Anhelos monteros, ojeos, paseos, sierras y siembras. Empeño, esfuerzo. Octubre… Ya es otoño, otoño en plural. Comienzan las ilusiones. Los verdes se tornan cobrizos, pardos, rojizos y mil verdes más. El monte, nuestro monte, nos aguarda. Espera ansioso el retorno de los poetas. De aquel que pasea sus versos envueltos en cartuchos de pólvora. Del otro, quien aguarda sujetando el puesto con su rifle. Todos, guardianes del talento del campo.
Pasión y muerte en cada palabra que se traza con fuego. Un nuevo capítulo del libro de la dehesa, del sotillo, el erial. Los cazadores no somos bolígrafos azules tirados en la mesa de un despacho gris. No somos papeles inacabados, ni informes infinitos. Los cazadores somos parte de la naturaleza. Damos forma a la naturaleza; constituimos una inseparable simbiosis dentro del flujo vital. ¿Por qué nos niegan la verdad? ¿Quién se atreve a negárnosla? ¡Quien!
La caza no es solo el genio de la emoción dibujada con el temblor del corazón, el agarrotamiento del estómago o la sangre apelmazando nuestras venas. La caza es el destino, la meta del ser humano completo.
El cuadro de la conservación, de la predación, del entorno silvestre, solo tiene un pintor: el cazador. Biodiversidad, ecosistemas o medio ambiente, no son palabras líricas, pero las escriben también cazadores. Amén.
En efecto, la música en el campo es composición montera, ojeadora, rehalera, de los que, ‘al paso’, interpretan una postura envuelta en las hojas de fugitivos vuelos. Instintivas carreras que barruntan el peligro. Armonía venatoria.

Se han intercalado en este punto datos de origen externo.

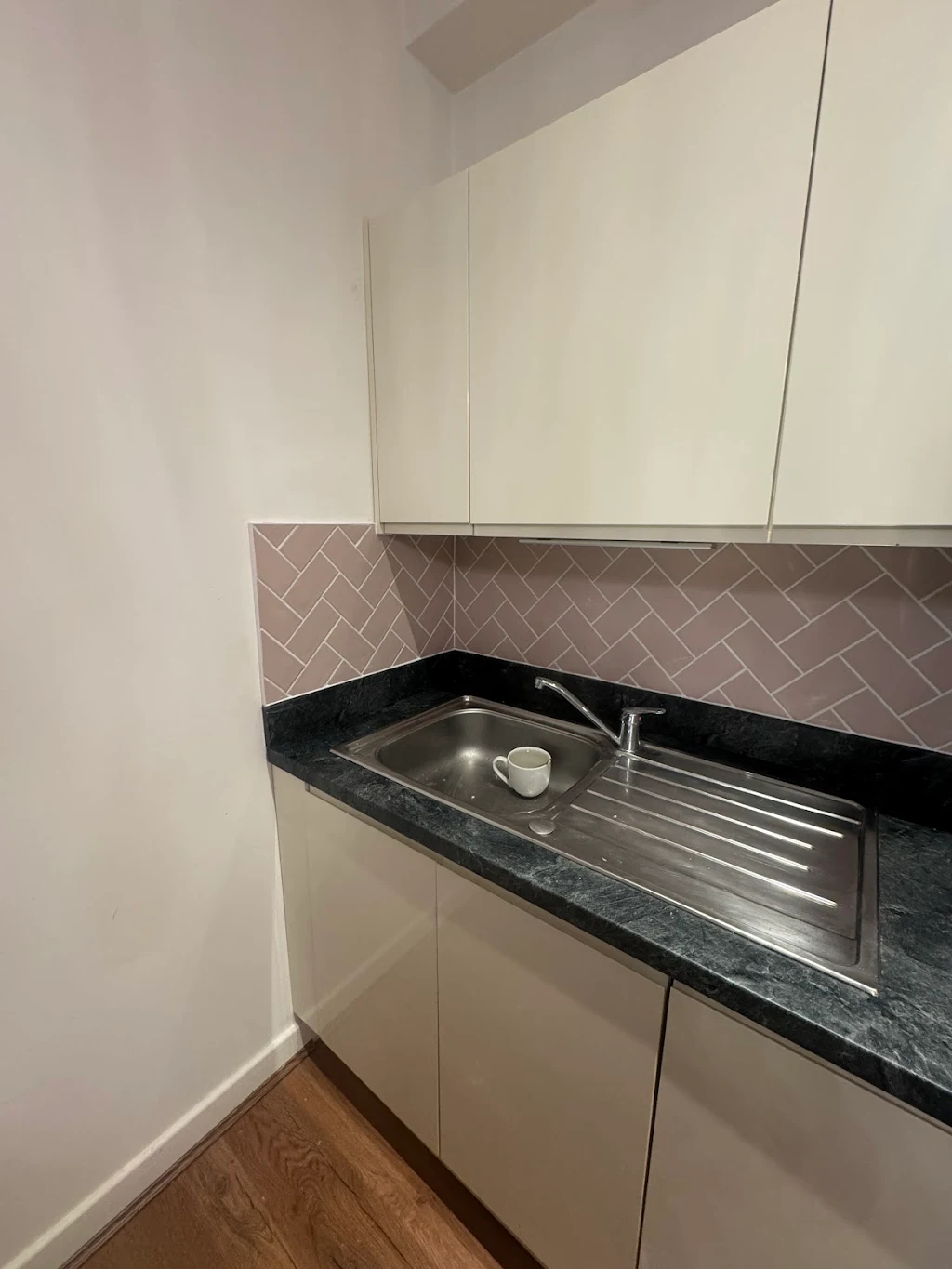 Splashback tiling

Nuestro arte no es un dibujo animado o un planeta de simios cuyo objeto es subvertir las conciencias en una suerte de humanismo perturbado. Nuestro arte es realidad. Nuestro arte no se garabatea en un despacho de estilográficas negras sin estrenar, no se mecanografía en impolutas computadoras, ni se negocia con un resplandeciente móvil pagado con nuestro dinero. Nuestro arte es naturaleza pura. Agua cristalina del virado arroyo de la montaña donde, previamente, bebió el macho montés ahora abatido por el poeta. Cada paso del poeta en pos del venado, del cochino o de la perdiz, inspira un nuevo relato. Fábulas e historias al amparo de una morra o al desabrigo del rastrojo. Mesas viejas, bolis viejos.
Retumban voces provenientes de hormigonadas oficinas para erradicar las melodías del monte; voces sin campear. Voces putas. Mientras, otras, acaso tarde, pretenden dar marcha atrás a demasiados años de desinformación y sinsentido ecologista. ¿Conseguirán frenar a las factorías del engaño subvencionado, a los fabricantes del humo más tóxico para nuestra naturaleza…? ¿Animalistas o alimañas?
Corren sin parar en las oficinas de los bolígrafos azules, de las estilográficas cargadas de euros, las camisetas perfectas cuyos lemas nos recuerdan lamentos pasados, dictaduras de hambre y miedo. Dentro de ellas, las pieles perfectamente perfumadas de los violentos gurús de la agonía planificada, del ocaso de la madrugada de los poetas.
¡A por todos ellos!, con nuestros bolis viejos y nuestra ciencia. Con la verdad. Con el arte. Quien dijo que el arte no puede alimentar a la ciencia, desconocía la caza.
Y mañana, octubre… ¡A por las manchas, al páramo, al barbecho!, ¡a buscar la trocha, la huella, la sangre contenida!, a huir del viento… El monte nos espera, nos llama, nos quiere. Amor fiel, amor sincero.